The data –

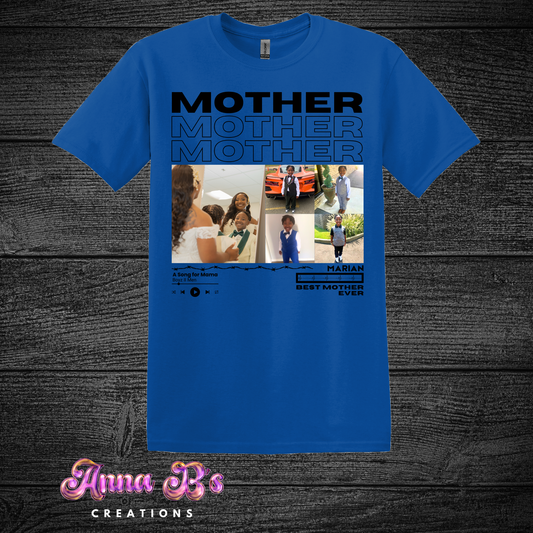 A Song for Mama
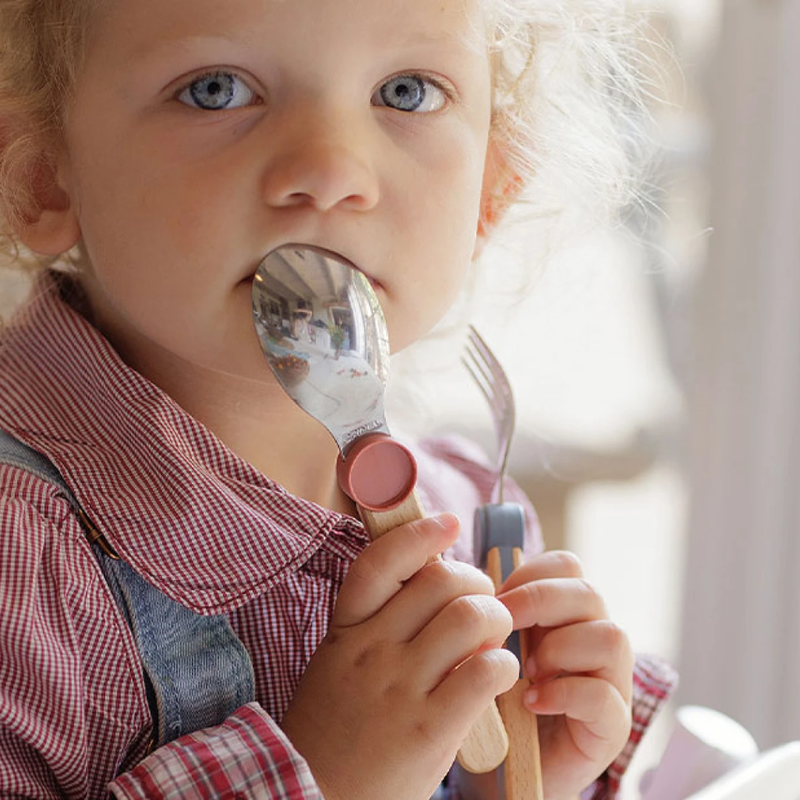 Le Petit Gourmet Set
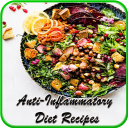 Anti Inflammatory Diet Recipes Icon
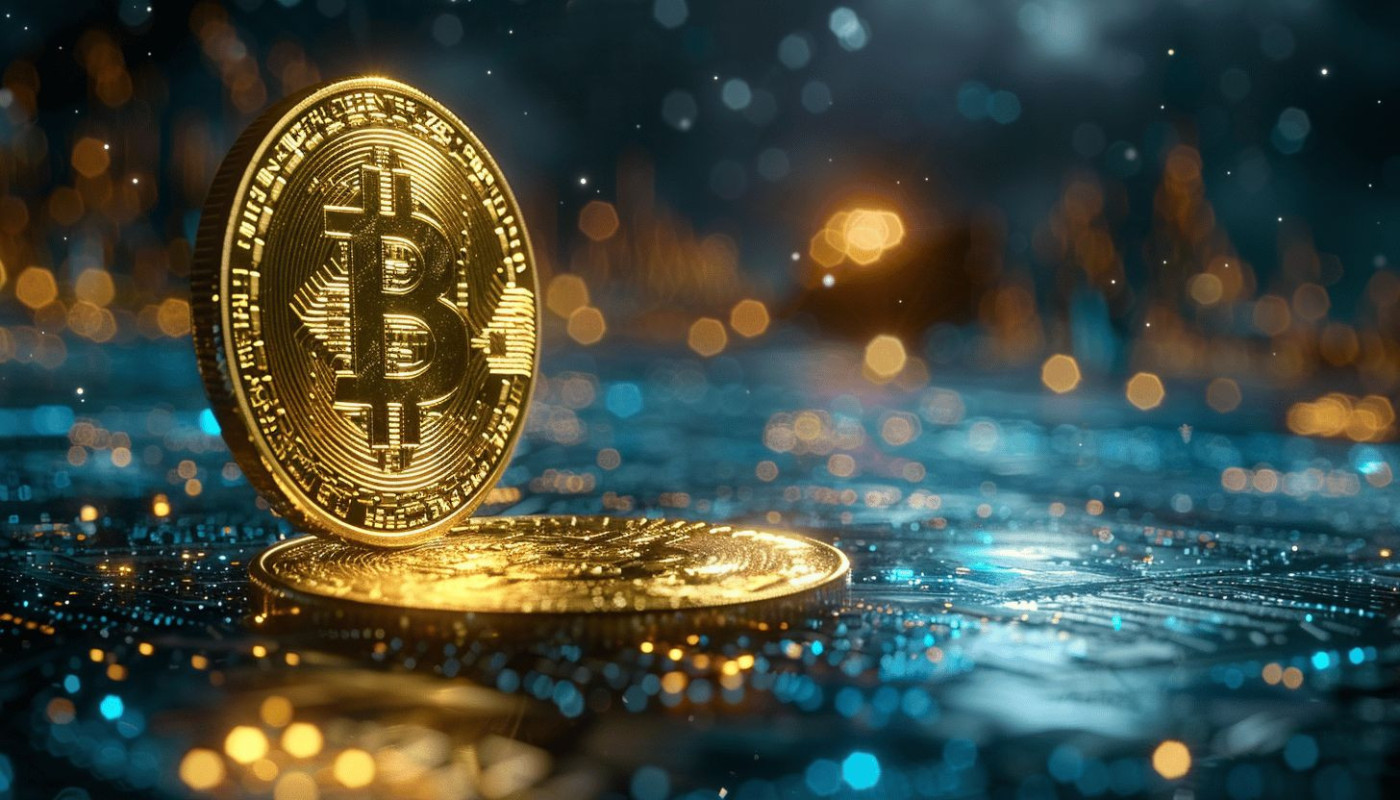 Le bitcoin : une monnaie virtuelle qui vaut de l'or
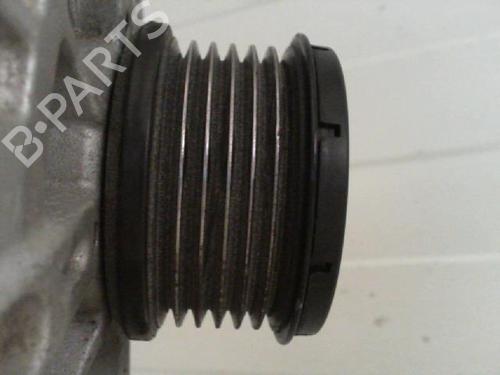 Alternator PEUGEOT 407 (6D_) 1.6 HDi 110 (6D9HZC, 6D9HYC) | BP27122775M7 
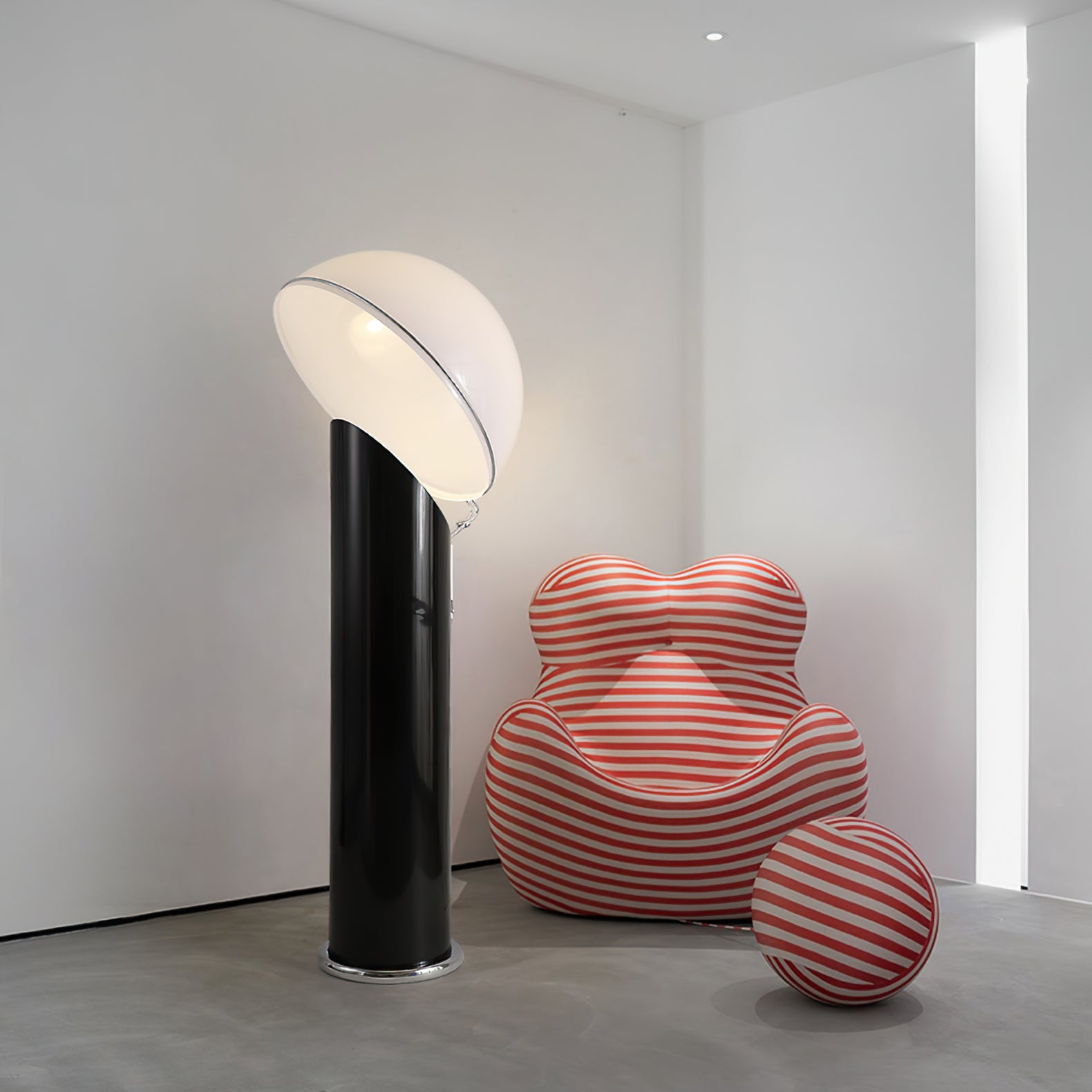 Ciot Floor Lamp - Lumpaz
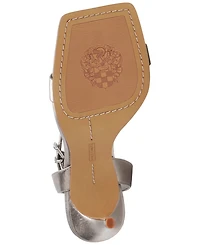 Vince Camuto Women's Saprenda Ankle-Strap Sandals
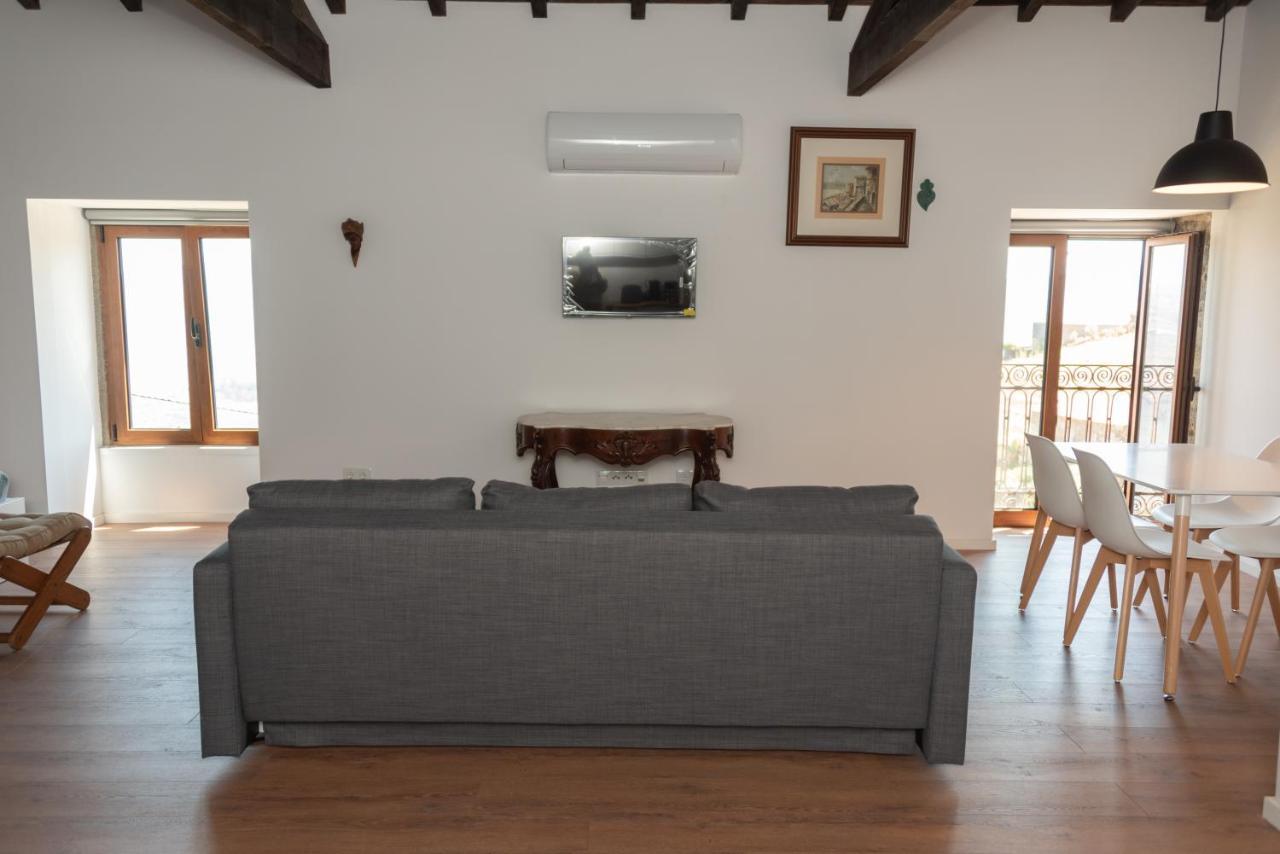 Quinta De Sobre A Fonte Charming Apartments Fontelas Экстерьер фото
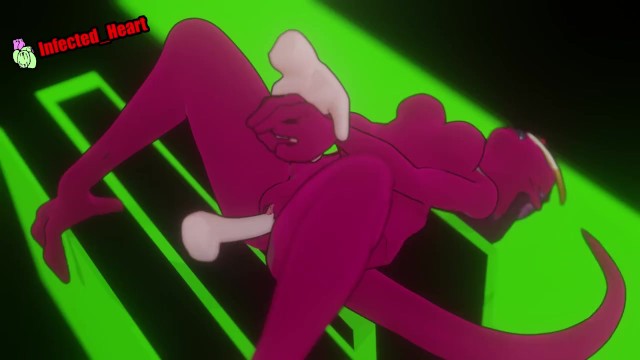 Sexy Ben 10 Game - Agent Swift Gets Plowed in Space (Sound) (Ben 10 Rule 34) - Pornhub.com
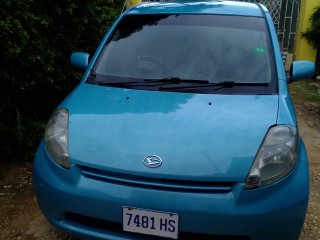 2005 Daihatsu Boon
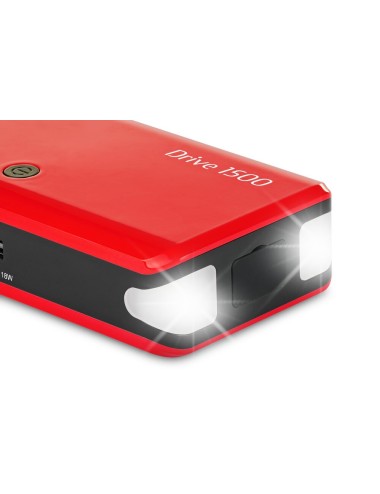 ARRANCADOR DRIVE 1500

What is required – Write out exactly, please, the lines that start at the one containing "Vince Camuto Women's" and run through the final line of the entries, both included, leaving pictures out.

Finished task –
 Vince Camuto Women's Saprenda Ankle-Strap Sandals
 Quinta De Sobre A Fonte Charming Apartments Fontelas Экстерьер фото
 Sexy Ben 10 Game - Agent Swift Gets Plowed in Space (Sound) (Ben 10 Rule 34) - Pornhub.com
 2005 Daihatsu Boon
 ARRANCADOR DRIVE 1500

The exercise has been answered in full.